Jason Hayes is a hunter and a fisherman, and his first job was as a backwoods ranger in northern Canada. He got into the world of public policy when he was commissioned to write a paper about grizzly bears.
It’s no wonder that he wound up as the Mackinac Center’s director of environmental policy.
But first, why grizzly bears?
“Some environmentalists were calling for shutting down some of the national parks in Canada to humans by arguing that they were endangering grizzly bears,” Hayes said. “But this was advocacy science.”
Hayes was born in Canada and raised in Manitoba, in the central part of the country. His dad was a college professor in education who taught teachers how to teach.
After getting a technical degree in wildland recreation and a bachelor’s of science in natural resource conservation, Hayes went to work in the forestry business in northern British Columbia. After four years, he began to see the reality of public policy up close.
“There was an honest-to-goodness industry versus government fight over the work we were trying to do managing forests,” Hayes said. “And the government was going to win.”
He saw the writing on the wall and left forestry to earn a master’s degree from the University of Calgary in environmental science. After that, he entered the world of policy, working first for the free-market Fraser Institute and then for private companies, focusing on energy policy.
By then, he was married to his wife Tanya. Eventually, they moved to the United States, and Hayes came to the Mackinac Center in 2016.
“My main job is twofold,” he said. “First, to convince people that the purpose of true environmentalism is that we manage our resources for the benefit of humanity and, second, to show why abundant, reliable and affordable energy is important.”

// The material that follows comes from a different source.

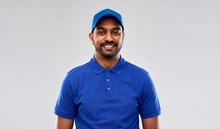Mail Service, Job And People Concept - Happy Indian Delivery Man In Blue Uniform Over Grey Background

It’s not an easy task. Of the advocates who push for more government and less freedom, few have as much money behind them as environmental groups.
Still, Hayes loves the job. Especially the freedom to work on a variety of topics – everything from energy and electricity to forestry and pipelines.
He and Tanya, who have been married for nearly 25 years, live in Midland, Michigan, with their three children. The two oldest attend Hillsdale College.